Netflix co-CEO Ted Sarandos had defended the company’s decision to go ahead with the special. In an internal letter to the employees, obtained by The Verge, he wrote: "Several of you have also asked where we draw the line on hate. We don't allow titles on Netflix that are designed to incite hate or violence, and we don't believeThe Closer crosses that line. I recognise, however, that distinguishing between commentary and harm is hard, especially with stand-up comedy which exists to push boundaries. Some people find the art of stand-up to be mean spirited but our members enjoy it, and it is an important part of our content offering."
What was so inflammatory about the Netflix special?
In the show, Chappelle makes comments about wanting to negotiate the release of DaBaby, an African-American rapper who was “cancelled” for some homophobic comments, highlights his belief in the binary nature of gender (essentially saying women are women, men are men), calls himself a TERF—trans-exclusionary radical feminist, who might not believe trans women are women—and speaks about his experience when a “gay, white man” called the police on him in Texas. In essence, he says, his jokes are not against trans people, but white people.
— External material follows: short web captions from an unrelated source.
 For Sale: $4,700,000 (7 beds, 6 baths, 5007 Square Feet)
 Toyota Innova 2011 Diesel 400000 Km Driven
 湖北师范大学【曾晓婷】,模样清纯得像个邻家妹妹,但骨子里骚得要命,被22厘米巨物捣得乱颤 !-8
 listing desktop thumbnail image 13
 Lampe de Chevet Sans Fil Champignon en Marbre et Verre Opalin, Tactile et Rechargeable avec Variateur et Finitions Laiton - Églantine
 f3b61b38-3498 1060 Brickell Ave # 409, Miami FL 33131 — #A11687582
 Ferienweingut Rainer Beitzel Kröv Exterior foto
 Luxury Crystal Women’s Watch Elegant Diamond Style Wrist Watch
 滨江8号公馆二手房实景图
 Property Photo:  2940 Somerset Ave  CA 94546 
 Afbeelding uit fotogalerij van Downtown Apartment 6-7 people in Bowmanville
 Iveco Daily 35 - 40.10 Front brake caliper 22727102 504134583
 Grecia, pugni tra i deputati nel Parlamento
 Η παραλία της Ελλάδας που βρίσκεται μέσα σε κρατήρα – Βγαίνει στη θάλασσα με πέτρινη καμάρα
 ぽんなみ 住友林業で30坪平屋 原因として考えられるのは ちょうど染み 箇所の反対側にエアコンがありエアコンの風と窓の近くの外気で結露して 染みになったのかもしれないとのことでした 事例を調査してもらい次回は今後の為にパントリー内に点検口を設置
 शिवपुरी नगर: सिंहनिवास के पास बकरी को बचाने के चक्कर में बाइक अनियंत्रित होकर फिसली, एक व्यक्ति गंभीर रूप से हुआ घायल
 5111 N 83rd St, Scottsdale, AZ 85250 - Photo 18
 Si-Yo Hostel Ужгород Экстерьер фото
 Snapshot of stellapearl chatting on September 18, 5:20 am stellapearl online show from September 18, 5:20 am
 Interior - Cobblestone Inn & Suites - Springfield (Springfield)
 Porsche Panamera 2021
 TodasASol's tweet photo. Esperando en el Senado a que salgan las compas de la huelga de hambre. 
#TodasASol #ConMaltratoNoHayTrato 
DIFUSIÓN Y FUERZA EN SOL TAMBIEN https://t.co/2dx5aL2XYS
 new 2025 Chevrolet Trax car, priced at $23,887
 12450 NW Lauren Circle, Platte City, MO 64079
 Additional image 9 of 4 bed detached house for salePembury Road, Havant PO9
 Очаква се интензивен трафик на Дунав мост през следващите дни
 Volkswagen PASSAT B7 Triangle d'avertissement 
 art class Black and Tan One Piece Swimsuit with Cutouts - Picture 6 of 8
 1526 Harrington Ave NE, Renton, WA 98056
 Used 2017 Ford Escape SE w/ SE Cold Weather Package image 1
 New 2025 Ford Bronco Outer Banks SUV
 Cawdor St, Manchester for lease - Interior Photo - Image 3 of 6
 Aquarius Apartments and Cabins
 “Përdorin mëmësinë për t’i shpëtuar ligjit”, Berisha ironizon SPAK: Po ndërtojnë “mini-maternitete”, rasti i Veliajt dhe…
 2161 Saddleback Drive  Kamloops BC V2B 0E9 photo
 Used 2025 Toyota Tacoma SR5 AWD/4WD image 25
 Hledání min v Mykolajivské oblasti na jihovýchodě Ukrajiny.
As THE WEEK review of the show stated, at the end of the day, each of his jokes are made in a specific setting, within a specific context:Taken in isolation, each of Chappelle's statements could spark outrage. Having said that, even when immersed in the show, and setting aside “impropriety”, the trans jokes are less funnier than the others. His previous special, aptly titled Sticks and Stones, had gotten the most stick from the transgender community, as well as from progressives who felt he was defending Michael Jackson (he cast doubt on those who accused the musician of molesting them as children). It is telling then, that his latest outing has no mention of Jackson, but a lot of minutes on his trans-gressions.